Google opened its defense against allegations that it has illegal control over online advertising technology Friday with testimony from witnesses who say the industry is more complex and competitive than it shows. issued by the federal government.
“The industry has had a lot of water in the last 18 years,” said Scott Sheffer, vice president for global cooperation at Google, the company’s first witness in its antitrust case in federal court in Alexandria .
The Department of Justice and a coalition of states insist that Google created and maintained illegal control over technology that helps buy and sell online ads that consumers see.
Google says the government’s lawsuit focuses on a narrow type of online ads — specifically the rectangular ones that appear at the top and right of a web page. In its opening statement, Google’s lawyers said the Supreme Court had warned judges against acting in a fast-moving technology like what Sheffer described because of the risk of error. or unintended consequences.
Google says that defining the market ignores the competition it faces from social media companies, Amazon, streaming TV providers and others that offer advertisers ways to reach online consumers.
Attorneys for the Justice Department called witnesses to testify two weeks before they rested their case Friday afternoon, describing the ways in which independent ad exchanges run auctions in a matter of milliseconds to determine which ads placed in front of customers and how much they cost.
The department says the auctions are charged in subtle ways that help Google keep out potential competitors and in ways that prevent publishers from making as much money as they could from selling their ad space.
It also says that Google’s technology, when used in all aspects of the advertising business, allows Google to save 36 cents on the dollar of ad spend, billions of which happen every day.
Executives at media companies such as Gannett, which publishes USA Today, and News Corp., which owns the Wall Street Journal and Fox News, have said that Google dominates the technology used by advertisers to sell. advertising space as well as advertisers who want to buy it. Products are linked together so advertisers must use Google’s technology if they want to access its huge advertising space.
The government said in its appeal last year that Google should at least be forced to sell part of its business that deals with publishers, breaking its dominance.
In his testimony Friday, Sheffer explained how Google’s tools have evolved over the years and how it has audited advertisers and publishers to guard against issues such as malware and piracy.
The trial began on September 9, just a month after a District of Columbia judge declared Google’s core business, its ubiquitous search engine, an illegal monopoly. That case is still ongoing to determine what, if any, remedies the judge may offer.
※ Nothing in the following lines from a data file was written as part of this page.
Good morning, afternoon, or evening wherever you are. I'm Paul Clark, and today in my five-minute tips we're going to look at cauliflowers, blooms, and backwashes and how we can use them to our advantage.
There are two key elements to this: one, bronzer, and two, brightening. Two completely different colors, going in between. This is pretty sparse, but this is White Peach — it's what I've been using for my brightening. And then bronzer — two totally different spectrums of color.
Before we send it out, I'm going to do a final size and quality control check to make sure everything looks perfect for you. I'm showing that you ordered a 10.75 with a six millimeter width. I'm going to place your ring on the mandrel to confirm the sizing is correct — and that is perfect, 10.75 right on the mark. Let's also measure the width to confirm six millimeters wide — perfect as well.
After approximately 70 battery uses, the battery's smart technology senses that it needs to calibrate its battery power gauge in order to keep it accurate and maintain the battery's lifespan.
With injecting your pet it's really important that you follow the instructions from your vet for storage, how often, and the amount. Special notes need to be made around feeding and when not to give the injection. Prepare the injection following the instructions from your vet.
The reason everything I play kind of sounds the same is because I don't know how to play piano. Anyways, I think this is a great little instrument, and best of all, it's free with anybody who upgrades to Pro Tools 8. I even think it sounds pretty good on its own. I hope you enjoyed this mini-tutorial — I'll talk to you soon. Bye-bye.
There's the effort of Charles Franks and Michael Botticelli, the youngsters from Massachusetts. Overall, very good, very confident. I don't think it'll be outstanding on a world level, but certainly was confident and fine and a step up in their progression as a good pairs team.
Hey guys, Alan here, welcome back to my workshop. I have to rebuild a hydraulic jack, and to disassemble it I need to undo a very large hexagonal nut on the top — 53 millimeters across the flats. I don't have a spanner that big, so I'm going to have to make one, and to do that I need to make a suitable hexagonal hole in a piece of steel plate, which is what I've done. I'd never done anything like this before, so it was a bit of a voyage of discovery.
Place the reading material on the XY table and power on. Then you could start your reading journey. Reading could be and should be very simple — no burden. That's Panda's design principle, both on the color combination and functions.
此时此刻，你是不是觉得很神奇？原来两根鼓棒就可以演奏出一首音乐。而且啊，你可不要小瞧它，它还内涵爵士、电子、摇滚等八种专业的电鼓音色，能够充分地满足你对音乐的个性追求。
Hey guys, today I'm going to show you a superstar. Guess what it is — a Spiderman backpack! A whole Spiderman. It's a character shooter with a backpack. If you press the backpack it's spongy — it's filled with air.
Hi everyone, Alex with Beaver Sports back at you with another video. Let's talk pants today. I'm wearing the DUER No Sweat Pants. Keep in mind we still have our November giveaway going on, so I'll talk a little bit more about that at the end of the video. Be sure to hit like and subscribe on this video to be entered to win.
The advertising technology at issue in the Virginia case does not generate the same kind of revenue for Google as its search engine does, but it is still believed to bring in tens of billions of dollars a year.
Overseas, authorities have also accused Google of anti-competitive behavior. But the company scored a victory this week when an EU court overturned a 1.49 billion euro ($1.66 billion) antitrust fine imposed five years ago that focuses on a different part of the company’s online marketing business.